The function swapExactTokensForETHSupportingFeeOnTransferTokens takes in a path. This path is used to determine the swaps that are taking place by the protocol. For instance, A->B->C would take in token A, swap this to B then swap that to C for the user. Finally, the receiver would pay the fees for the transfer.

When determining how much to send to a user, it does this by calculating the difference in the balance before the function call _swapSupportingFeeOnTransferTokens() and after the function call. Although this is benign most of the time, there is a subtle bug here.

The path variable will perform as many swaps as we want. Additionally, there is no validation that there are duplicate tokens in here. This means that the difference calculation from above may include a transfer used earlier in the path! For instance, Token A->wBNB->B->wBNB would double count the difference n wBNB because the transferring was performed twice.

By performing all of these operations, the attacker was able to profit 271wBNB and 37K BUSD for a total of $118K advantage. To make this attack worse, they used a flash loan for the larger numbers. This twitter thread has a root cause as well.

The Binance has a token hub bridge that allows interoperability between two chains. These two chains are the EVM compatible Binance Smart Chain (BSC) and the Binance Beacon Chain used for management purposes. The currency of these chains is BNB.

Bridges do not work as you'd expect; it's more of a lockbox than anything else. Chain A has ownership of some tokens on Chain B. So, we look the Chain A tokens then unlock them for the specific user on Chain B. In the case of Binance, the logic for going to Chain B was busted.

When Chain B does the verification from the Chain A blockchain in Solidity, it uses a type of binary tree that can be used for verification called a Merkle Tree. This tree allows for the verification of the existence of a transaction on the other chain. Any discrepancy will indicate that the data in the node has been tampered with.

The BSC bridge uses a balanced binary tree called an AVL tree. The function handlePackage is made in order to add this information to chain B. It should be noted that this function is only callable by a relayer.

In the land of Cosmos, the relayer is how IBC communicates that a transaction on Chain A has occurred that Chain B cares about. A relayer doesn't need to be 100% trusted. Because, at the end of the day, the merkle proof speaks for itself. The relayer for BNB will parse the events at the very end of a block and send this to chain B.
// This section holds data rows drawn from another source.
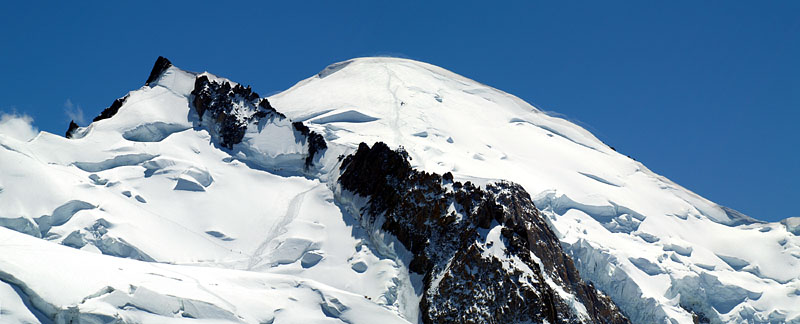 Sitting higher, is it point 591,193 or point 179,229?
point 591,193

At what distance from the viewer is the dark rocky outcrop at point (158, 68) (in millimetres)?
102562

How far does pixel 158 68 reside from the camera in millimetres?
104312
To send it to chain B, there are 4 parameters: a source chain ID, destination chain ID, a channel ID and a sequence number. After this initial handshake, the relayer calls Chain B with the transaction data, the proof and the block height. This is how the data goes from a Chain A request to a Chain B request.

The Merkle proof library in Solidity was a precompiled IAVL library written in Go that directly interacts with Cosmos via a special EVM hook specific to Binance. Within Go, the function computes the root hash and verifies that it matches the hash against the new data being provided. If this is true, then the transaction must be legitimate.
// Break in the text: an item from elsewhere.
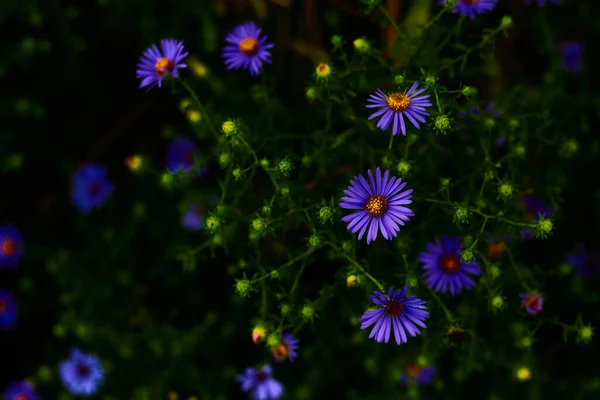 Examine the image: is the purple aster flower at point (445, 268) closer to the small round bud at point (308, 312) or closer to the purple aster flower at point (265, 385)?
the small round bud at point (308, 312)

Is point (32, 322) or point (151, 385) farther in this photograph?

The tree verification algorithm assumes that only one leaf node will exist. If there's a left node (if statement), then it allows verifies that. If there's a right (else statement) node, then it only verifies that. This becomes a problem when there are two leafs, which is 100% possible. With the logic of the program, we can provide a right node that will never be verified!

To exploit this, the attacker took a legitimate transaction and modified the payload to add the right node. The node said that a transaction of 2 million BNB with each BNB worth $293 at the time, was sent to them. Once they had done this, they took the money out of the bridge and laundered it to some other places. This resulted in a $586 million dollar hack.

In the aftermath of this, Binance forked the BSC blockchain to remove this. Additionally, USDT blocked the attackers address, preventing them from accessing a percentage of their stolen funds. To fix this, the proof errors out if there is more than one child. Overall, an interesting dive into the Cosmos and Binance eco-system.